The name Tupac Amaru resonates strongly in Cuzco. Yesterday the city recognized the bearer of this name in a celebration which emphasizes that, though centuries have gone by, he is a figure little forgotten. For the two days prior his heritage has been the subject of lectures in the Paraninfo Universitario.

The first Tupac Amaru was the last Inca. After the Spanish invasion and the death of Inca Huáscar and his brother Atahuallpa, another brother rebelled and took the Inca throne to the Amazonian lowlands from which for almost half a century the Inca waged war against the Spanish and kept the possibility alive of a different Peru than the one ruled by the Crown of Spain.

That dream came to an end when Tupac Amaru I was captured, tried, executed in Cuzco’s Plaza de Armas, its Main Square, where today’s celebration is taking place.

Almost two centuries later, a cacique, indigenous head man, from Tungasuca–up the Vilcanota River from the city of Cuzco, took the name Tupac Amaru II and waged war against the Spanish state to protect the rights of indigenous leaders, as well as ordinary people.

Banner for Tupac Amaru Commemoration
Banner for Tupac Amaru Commemoration

This war divided Peru and was not, according to historians, clearly a race war between Indians and Spanish. Nevertheless, it did have strong overtones of independence and paved the way for independence. After the rebellion, the Creoles and Spaniards of Peru clung to the Crown out of fear of another rebellion, but the invading armies of Bolivar from the north and San Martín from the south brought independence and a partial fulfillment of the dream that Tupac Amaru came to represent.

On May 18, 1780, José Gabriel Condorcanqui was executed under sentence. His tongue was cut out and the Spanish tied his limbs to four horses to try to draw and quarter him, but he was able to keep that from happening due to his well developed physique.
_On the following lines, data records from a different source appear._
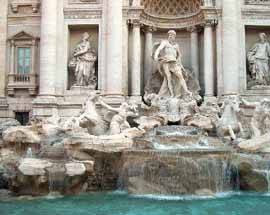 ROMA: FONTANA DI TREVI SI SGRETOLA, LAVORI IN TEMPI RECORD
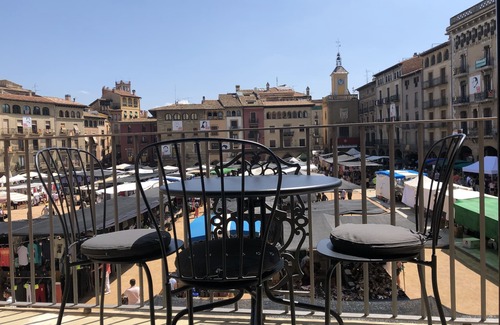 Vic Condo | Apartaments Vicus 3, with views of the Plaza Mayor de Vic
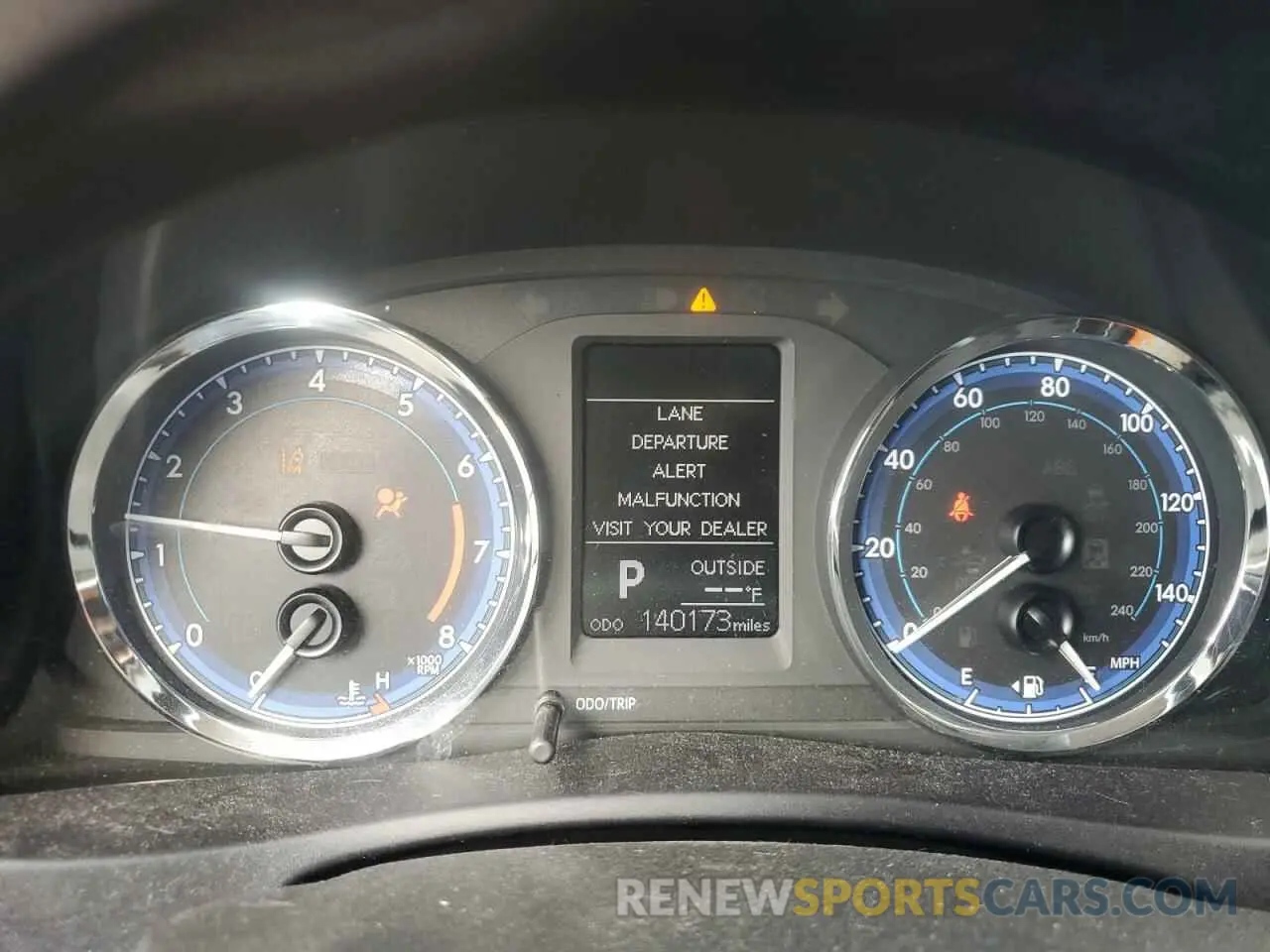 9 fotografías del automóvil dañado 5YFBURHE5KP940465 TOYOTA COROLLA 2019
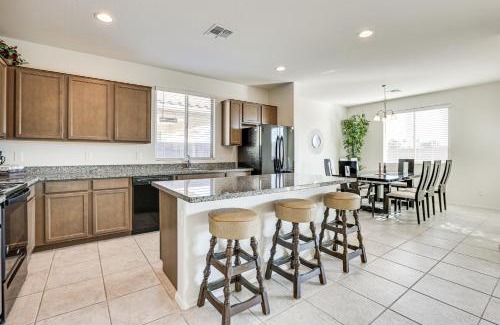 Phoenix Casa | 7 Mi to State Farm Stadium Peoria Home!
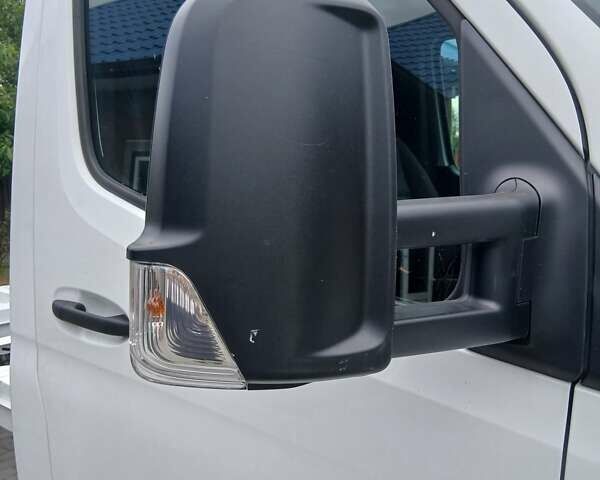 Белый Мерседес Sprinter, объемом двигателя 3 л и пробегом 1 тыс. км за 45000 $, фото 2 на Automoto.ua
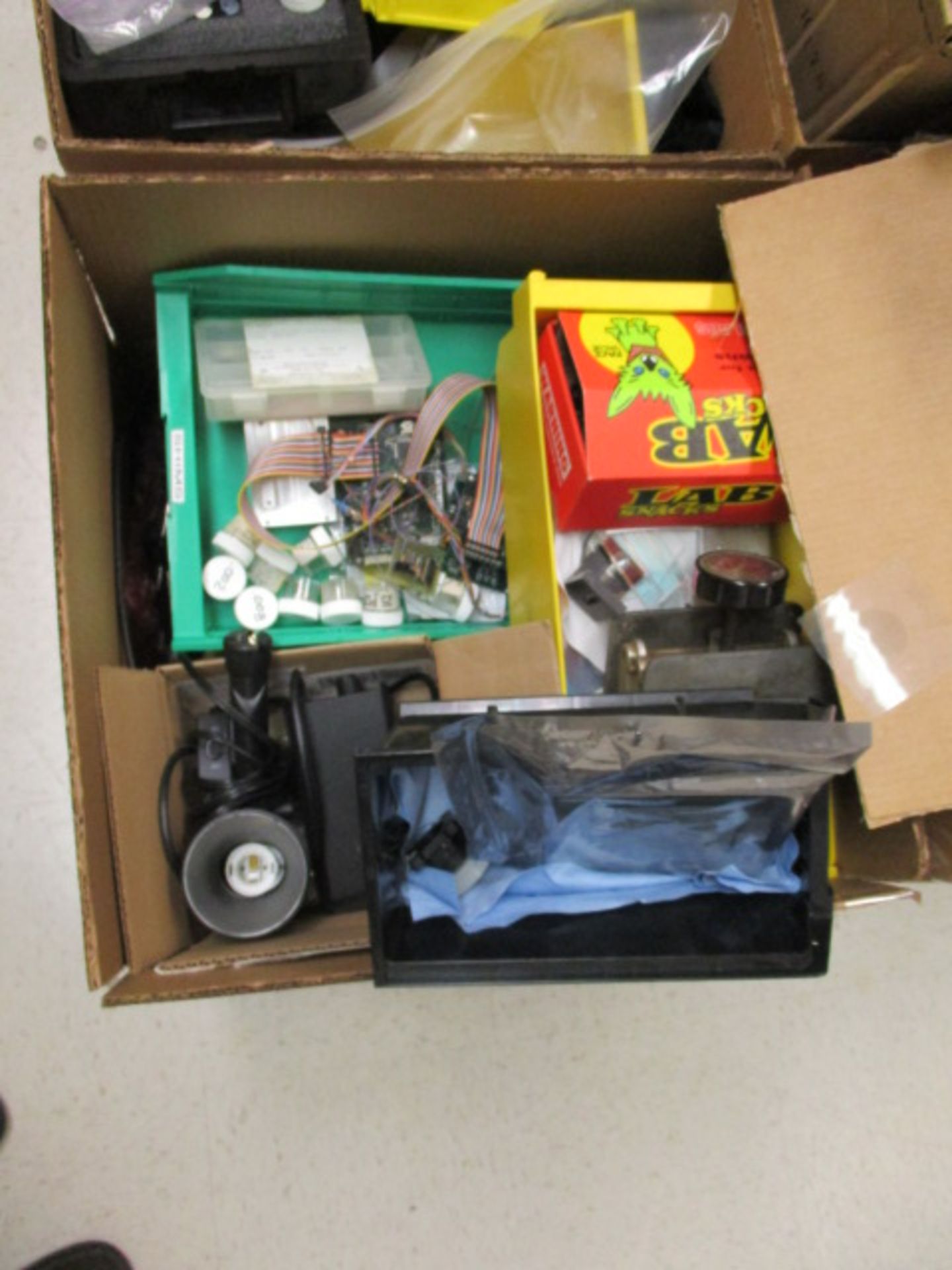 Lot: Miscellaneous Optical Assembly Framework Parts, Opto-Mechanical Parts, Hardware, Prisms, Akro - Image 2 of 5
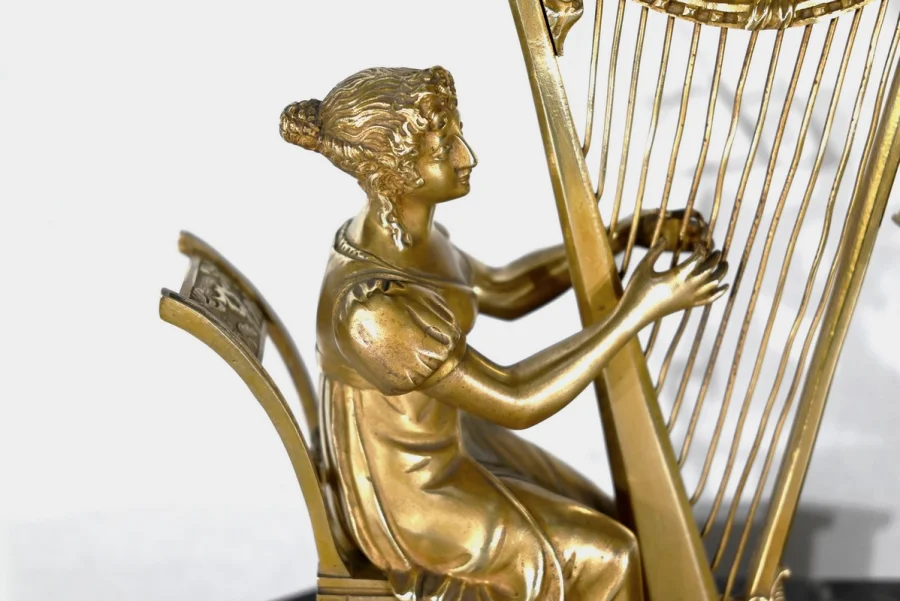MANTLE GARNITURE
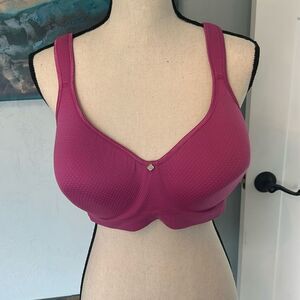 Breezies pink 42C bra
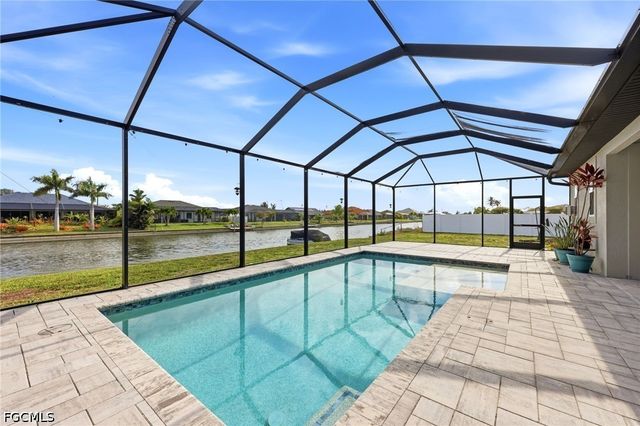 212 SW 20th ST, Cape Coral, FL 33991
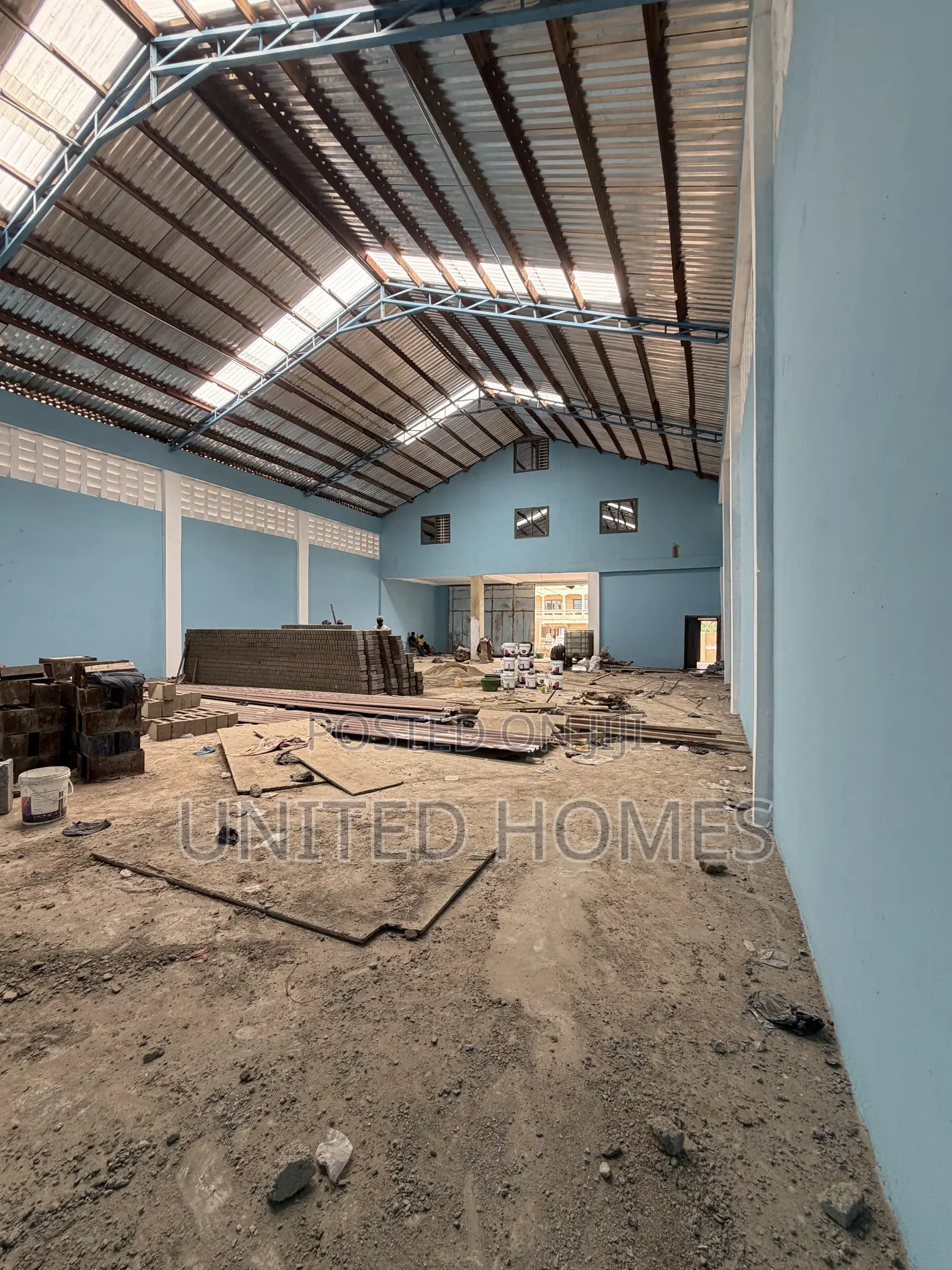 Newly Built Warehouse/ Apartment for Rent at Achimota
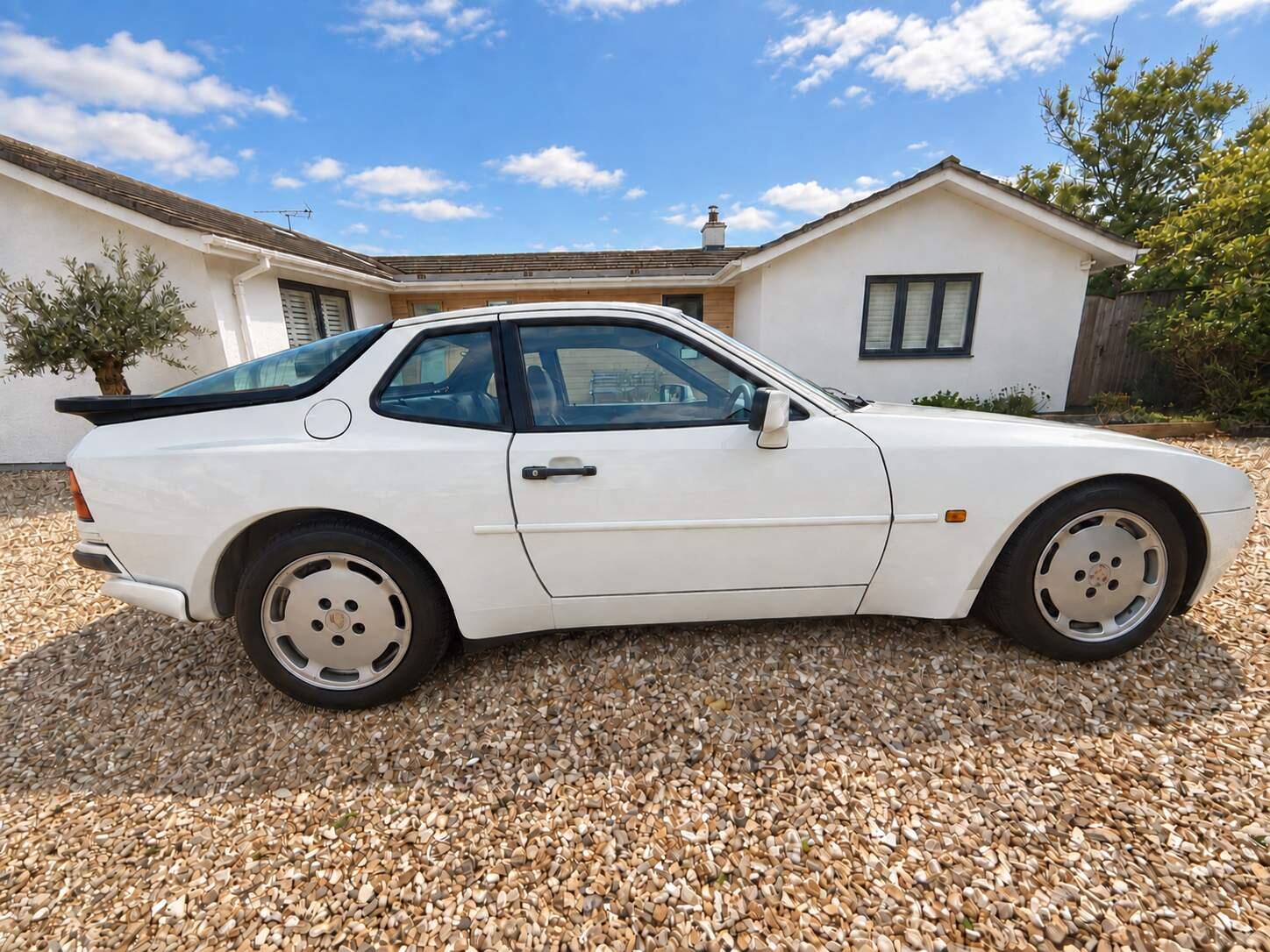 Porsche 944
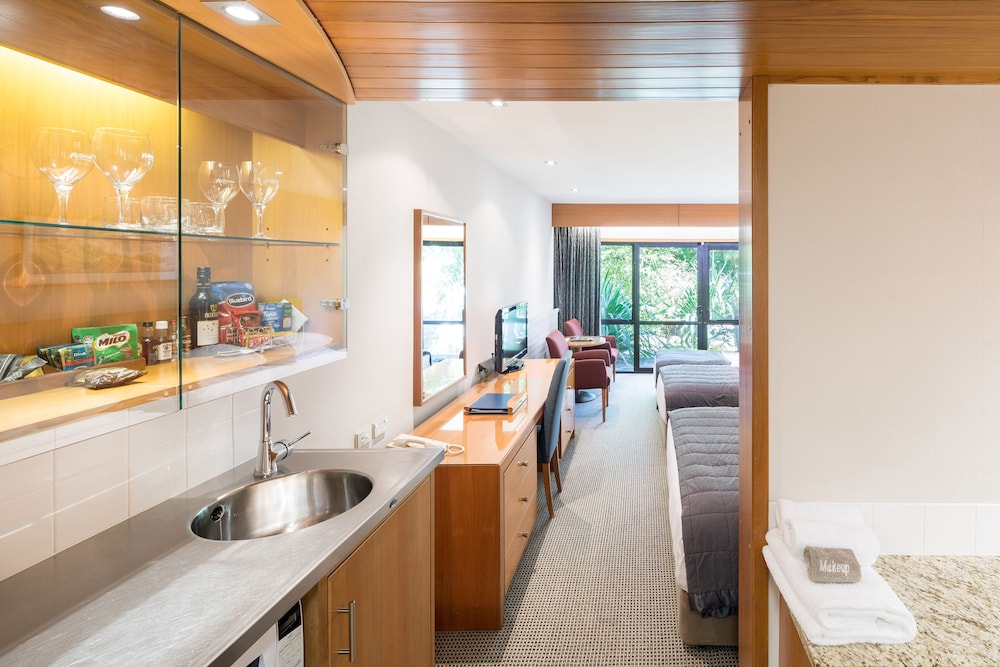 Premium Family Room (1 Queen and 2 Singles) - Photo 4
As a result he was beheaded in the main square, where the first Tupac Amaru was also beheaded.

Out of fear of the myth of the Inkarri, the Inca King who lay hidden and would some day return, the Spanish destroyed his body and scattered it in numerous communities.

Nonetheless, the image of Tupac Amaru stands for an Indigenous nationalism, not simply a return to the Incas but one that encompasses the ethnic diversity of Peru while recognizing the value of its indigenous ways and peoples. In Cuzco his image is particularly strong and is available to speak to the tensions between this ancient capital city, and the first capital of Spanish, Peru and the contemporary sear of government in Lima.